Every time we read about China's economic growth, it is coupled with concern over mounting scarcity of energy and commodities, the displacement of millions of Chinese citizens, and apocalyptic environmental degradation. Such growth, it is easy to see, is unsustainable. Well, what about our own economic growth? As resources and energy sources dwindle, as competition for them mounts, and pollution reaches what may prove to be suicidal levels, can we still make a case for economic growth?
The question seems absurd at first. Who could seriously advocate an end to growth? So let's put it another way. Who could seriously advocate pursuing a path that leads almost certainly to disaster? Growth this year is great, and we'd be devastated if there were none next year. But the fact is that there cannot be growth every year indefinitely.
These questions are not merely rhetorical. They are in part a response to an extraordinary press release from the Canadian Chamber of Commerce in response to the Canadian government's Clean Air Act. It can be difficult to spot the bias in a document like this. The CCC's blind spots are our own. But the problems are there nonetheless.
Though there are plenty of instances of business's sense of entitlement to government cooperation, and its certainty that it is up to the corporate world's discretion to set greenhouse gas targets, none of this is particularly troubling. Indeed, as we've seen, the business world may decide to go green on its own. The real, and seemingly inescapable, problem concerns the link between emissions and growth.
When the Clean Air Act was first unveiled, it was slammed by environmentalists for refusing to set hard limits for greenhouse gas emissions, preferring instead "intensity" targets, which mean that companies would have to produce fewer emissions per unit of output, rather than stay under a hard "cap." If a company or an economy stays the same size, there is no difference between an intensity limit and a cap. But if that company or economy is growing, an intensity cap means that you can actually generate more greenhouse gas, but be credited with emitting less. On the other hand, a hard cap means that any growth will have to be carbon-free.
That is to say, a hard cap makes growth, particularly within carbon-intensive industries, much harder to accomplish. So the CCC was happy they did not appear in the Clean Air Act. Here is their reaction: "Intensity-based targets for greenhouse gases do not discriminate against companies that are expanding and will focus on improving productivity and energy efficiency."
It sounds wonderful, but is this what we want? The facts are in front of us in black and white. Our environmental footprint already far exceeds available resources. According to the World Wildlife Fund's Living Planet Report, we have been in resource overshoot since the 1980s. That is, it would take 1.4 Earths to keep us in the style to which we are accustomed. And our demand keeps growing: if everyone in China had a car, there would be no oil left for everyone else. But before we blame the Chinese and the Indians, let's be fair. The average rich Westerner has a footprint many, many times larger than an Indian villager. To blame growth in the developing world for mounting greenhouse gas emissions is no different from asking them to stay poor so that we can continue to live in huge, inefficient houses and drive huge, inefficient cars a little longer.

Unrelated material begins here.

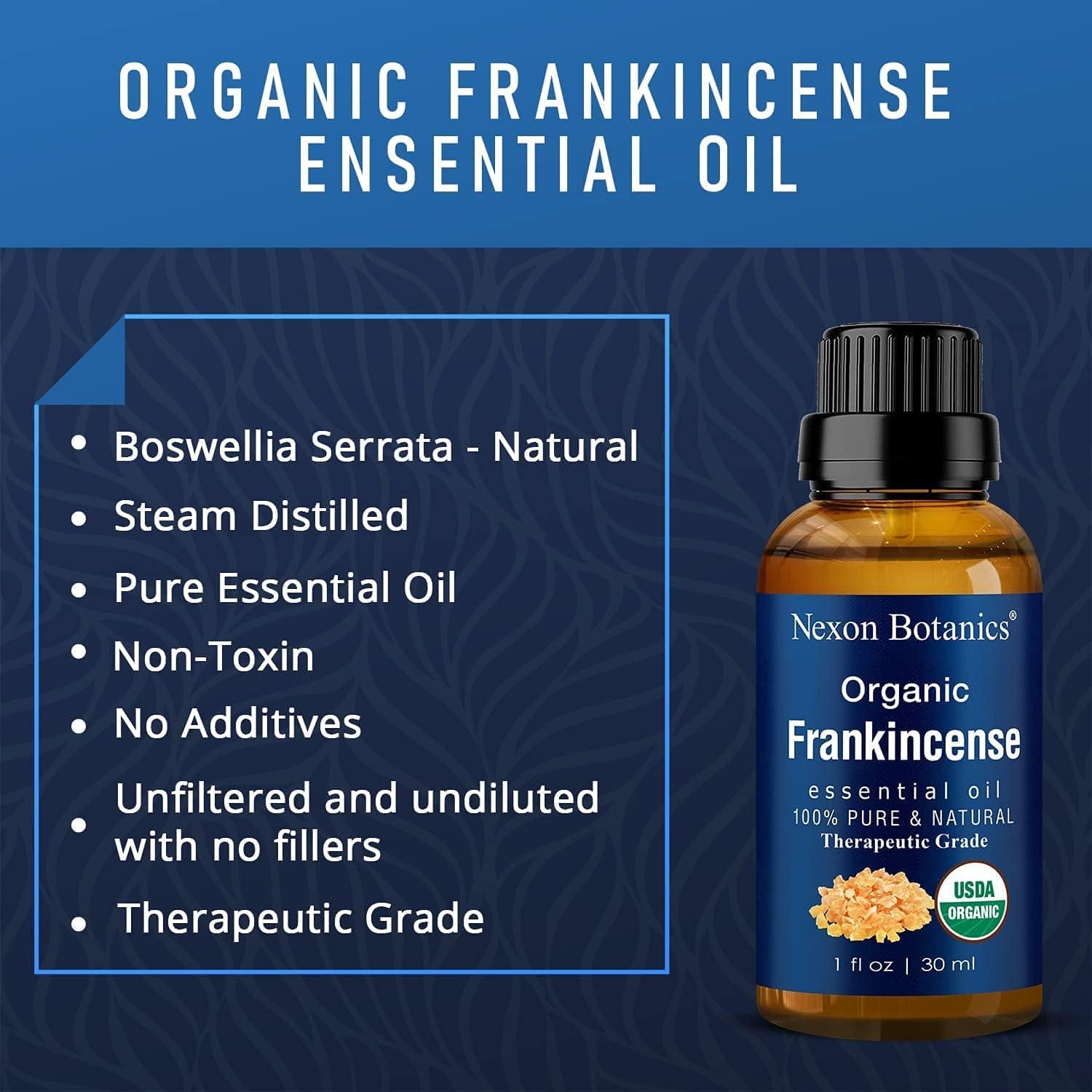 "Pure and Natural Organic Frankincense Essential Oil - Therapeutic Grade for Aromatherapy, Diffuser, and Skin & Hair Care - 30Ml"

The problems of economic growth are not going to be solved right away. They will require huge, dizzying shifts in perspective (to say nothing of the possibility of violent upheaval) before we even approach a solution. No politician is going to run on a zero-growth platform, and mobs are not going to take to the streets to demand less growth, or less employment. But we can see where all this is headed, and something is going to have to give.
And so we come back to the phenomenon of business going green. Environmental concern is good for business. And insofar as it is good for the Earth, who is going to complain? Indeed, the idea that environmentalists would one day worry about corporations suddenly going green would have been laughable only a short time ago. But if "good for business" means a growing economy, then it is clear that the environmental revolution in the board rooms of the planet may not be green enough, and may be the first step on a route to a future nearly unimaginable to the businessmen and investors currently investing in the environment, and even less comprehensible to those who are not.